Green Mountain Power is trying to turn homes, neighborhoods and towns into virtual power plants, driven by economics as well as environmental goals.
By Diane Cardwell
WALTHAM, Vt. — In a new low-income development that replaced a trailer park here, rooftop solar panels sparkle in the sun while backup batteries quietly hum away in utility closets.
About an hour away, in Rutland, homes and businesses along a once-distressed corridor are installing the latest in energy-saving equipment, including special insulation and heat pumps.
And throughout Vermont, customers are signing up for a new program that will allow them to power their homes while entirely disconnected from the grid.
The projects are part of a bold experiment aimed at turning homes, neighborhoods and towns into virtual power plants, able to reduce the amount of energy they draw from the central electric system. But behind them are not green energy advocates or proponents of living off the land. Instead, it’s the local electric company, Green Mountain Power.
Even as the Trump administration has broken with almost all the world’s nations by renouncing the Paris climate accord, the Vermont program offers just one example of the continuing efforts at the local level to rethink a largely carbon-based power system. The initiatives are driven by financial advantages as well as environmental ones.
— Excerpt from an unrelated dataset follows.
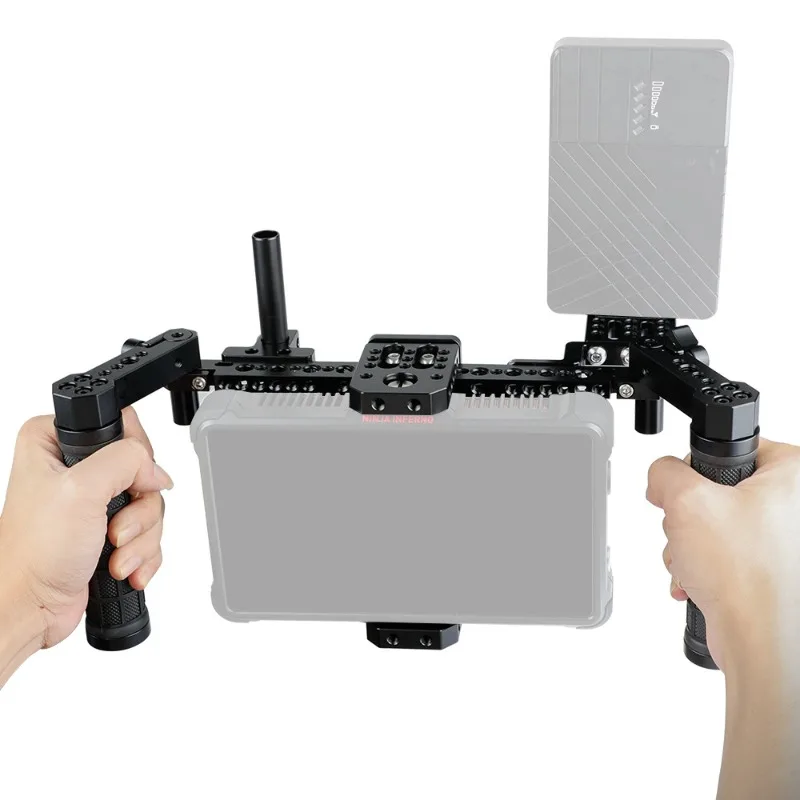 Kit de gaiola de coelho para monitor para ATOMOS NINJA INFERNO 5 polegadas 7 polegadas 1757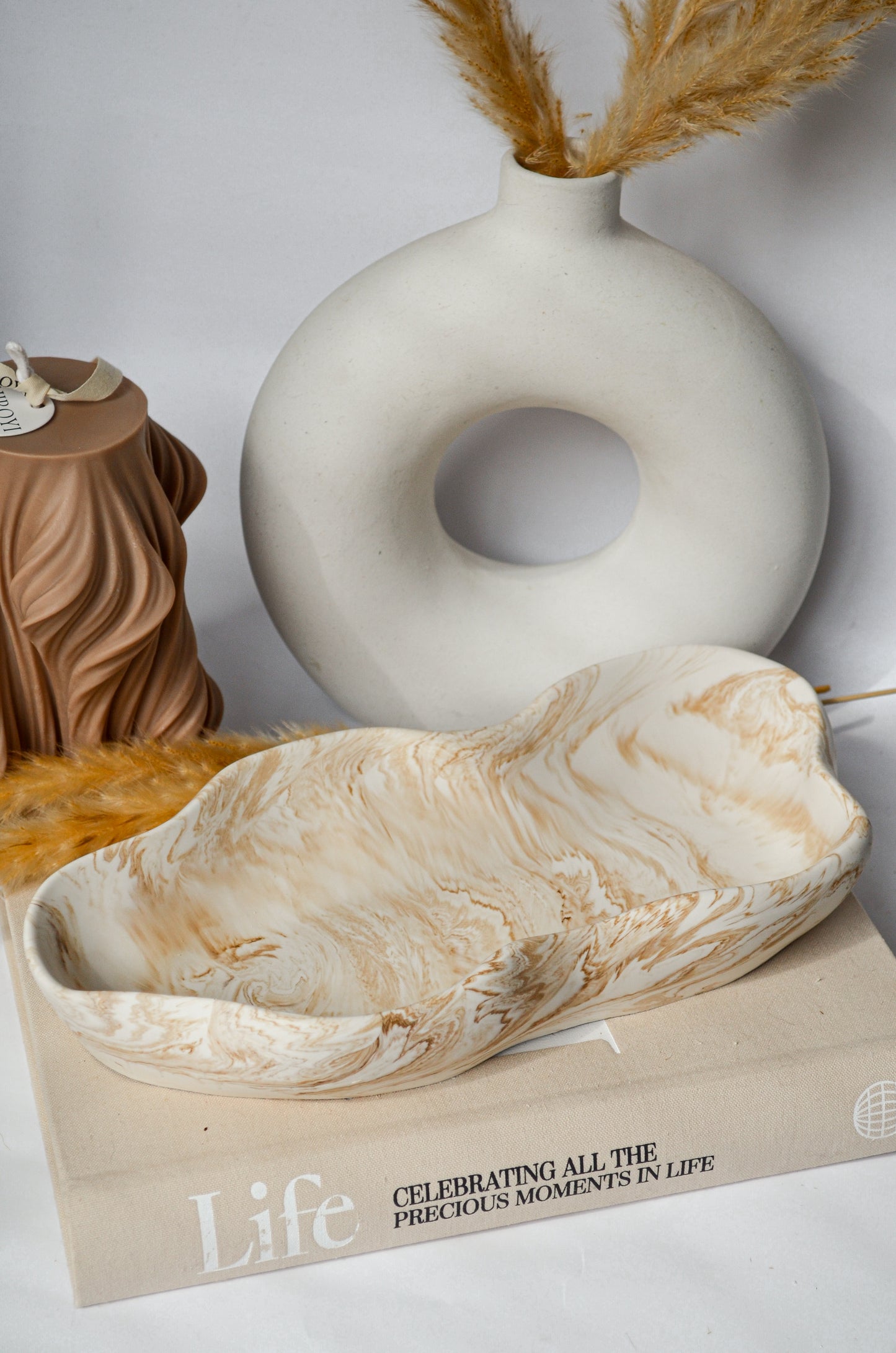 Nebula Marble Effect Bowl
Green Mountain’s chief executive, Mary Powell, sees the program here as the best way to please customers while making the system more environmentally and physically sustainable.
“Customers, especially in Vermont with the energy-independence values that people have, want to move more toward self-generation,” she said, seated in a bright orange modernist chair in a meeting area in the company’s open-plan headquarters near Burlington.
“The opportunity for us,” she added, is to lead the transformation of an electric system that depends on power sent along big transmission lines “to a community-, home- and business-based energy system.”